Por que os ataques ao PT? A repetição de um velho expediente da direita e de seu braço na mídia.
Ignacio Godinho Delgado*
16/04/2015, especial para o Maria Frô
Em 1945 o então Partido Comunista do Brasil (PCB) surpreendeu a todos, alcançando cerca de 10% dos votos nas eleições presidenciais e elegendo 14 deputados e 2 senadores. Habilitava-se assim a canalizar na cena política e partidária o movimento operário e parcelas expressivas da classe média e do “eleitorado popular” brasileiro. Em 1947, teve seu registro cassado, em deliberação no congresso em que não faltou o empenho do Partido Trabalhista Brasileiro, o PTB, criado por Getúlio Vargas exatamente para disputar o eleitorado popular urbano.

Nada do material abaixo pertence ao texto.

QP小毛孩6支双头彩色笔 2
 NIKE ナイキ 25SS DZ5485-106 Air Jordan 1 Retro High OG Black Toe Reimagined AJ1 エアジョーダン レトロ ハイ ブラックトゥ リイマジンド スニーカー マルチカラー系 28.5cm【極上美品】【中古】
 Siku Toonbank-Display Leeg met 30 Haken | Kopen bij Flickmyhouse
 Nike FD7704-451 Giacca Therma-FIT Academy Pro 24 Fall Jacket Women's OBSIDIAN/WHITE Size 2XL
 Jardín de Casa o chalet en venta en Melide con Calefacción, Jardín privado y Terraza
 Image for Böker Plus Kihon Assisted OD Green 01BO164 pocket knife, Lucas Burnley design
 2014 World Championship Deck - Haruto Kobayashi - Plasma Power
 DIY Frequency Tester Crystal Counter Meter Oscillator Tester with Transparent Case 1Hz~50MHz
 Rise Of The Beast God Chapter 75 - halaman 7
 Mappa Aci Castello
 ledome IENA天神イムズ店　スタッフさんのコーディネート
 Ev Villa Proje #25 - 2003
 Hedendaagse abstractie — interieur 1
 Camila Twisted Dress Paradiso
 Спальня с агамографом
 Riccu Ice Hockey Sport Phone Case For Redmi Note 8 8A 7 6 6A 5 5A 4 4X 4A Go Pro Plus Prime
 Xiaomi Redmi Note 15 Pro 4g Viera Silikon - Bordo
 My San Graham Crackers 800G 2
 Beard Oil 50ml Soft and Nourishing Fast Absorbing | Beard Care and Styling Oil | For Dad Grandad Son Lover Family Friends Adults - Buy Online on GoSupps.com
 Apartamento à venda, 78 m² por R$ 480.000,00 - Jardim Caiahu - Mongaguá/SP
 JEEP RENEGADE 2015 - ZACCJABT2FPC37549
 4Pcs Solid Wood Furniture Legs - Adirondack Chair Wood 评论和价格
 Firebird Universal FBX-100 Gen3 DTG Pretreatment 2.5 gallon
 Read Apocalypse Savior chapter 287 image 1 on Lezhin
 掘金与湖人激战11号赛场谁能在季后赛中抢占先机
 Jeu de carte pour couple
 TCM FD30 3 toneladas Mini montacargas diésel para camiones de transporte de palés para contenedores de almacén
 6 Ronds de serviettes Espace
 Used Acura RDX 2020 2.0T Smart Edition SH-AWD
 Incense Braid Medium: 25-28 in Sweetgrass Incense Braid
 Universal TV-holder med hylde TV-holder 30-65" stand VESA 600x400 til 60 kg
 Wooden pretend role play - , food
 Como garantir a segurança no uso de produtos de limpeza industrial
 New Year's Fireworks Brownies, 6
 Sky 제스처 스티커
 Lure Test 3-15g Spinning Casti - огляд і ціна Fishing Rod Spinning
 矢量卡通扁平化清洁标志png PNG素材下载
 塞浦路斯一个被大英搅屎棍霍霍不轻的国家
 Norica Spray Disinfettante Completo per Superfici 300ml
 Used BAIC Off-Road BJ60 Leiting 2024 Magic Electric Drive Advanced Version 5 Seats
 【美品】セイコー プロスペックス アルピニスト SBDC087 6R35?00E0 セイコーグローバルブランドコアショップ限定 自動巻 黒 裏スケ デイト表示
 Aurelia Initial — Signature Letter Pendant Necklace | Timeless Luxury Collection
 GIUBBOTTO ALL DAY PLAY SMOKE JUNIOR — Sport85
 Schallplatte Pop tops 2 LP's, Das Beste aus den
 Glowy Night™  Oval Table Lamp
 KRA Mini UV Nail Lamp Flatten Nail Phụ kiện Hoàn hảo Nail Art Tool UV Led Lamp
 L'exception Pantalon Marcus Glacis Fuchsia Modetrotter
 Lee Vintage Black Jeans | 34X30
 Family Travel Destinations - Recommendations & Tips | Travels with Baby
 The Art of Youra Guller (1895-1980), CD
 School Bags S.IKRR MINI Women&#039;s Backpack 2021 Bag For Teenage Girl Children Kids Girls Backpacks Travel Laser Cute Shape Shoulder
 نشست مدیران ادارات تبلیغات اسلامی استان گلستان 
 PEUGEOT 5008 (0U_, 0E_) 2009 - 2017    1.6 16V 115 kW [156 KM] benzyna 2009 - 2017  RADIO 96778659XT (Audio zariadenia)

O mesmo PTB, entre 1945 e 1964, assumiria de forma cada vez mais expressiva o papel de canalização do eleitorado popular urbano, especialmente as parcelas integrantes do mercado formal de trabalho e o movimento sindical. Com crescimento expressivo em todo o período, segundo pesquisa IBOPE não divulgada à época, em março de 1964, às vésperas do golpe militar, assistia-se a uma afirmação ainda mais contundente do PTB, com o favoritismo de João Goulart nas eleições presidenciais de 1965, caso não houvesse restrições legais à sua candidatura[1]. O golpe de 1964 e, depois, o Ato Institucional Nº 2, que criou o bipartidarismo, interromperam esta trajetória.
Mais à frente, em 1978, a afirmação eleitoral do MDB levou o regime militar a redesenhar o sistema partidário de modo a fugir da armadilha do bipartidarismo, que tornava toda eleição plebiscitária. Registre-se, contudo, que o MDB não foi proscrito, sendo substituído pelo PMDB, não conseguindo firmar-se como uma alternativa capaz de canalizar a participação do eleitorado popular na cena política brasileira. Faltava-lhe a raiz sindical e a identidade trabalhista.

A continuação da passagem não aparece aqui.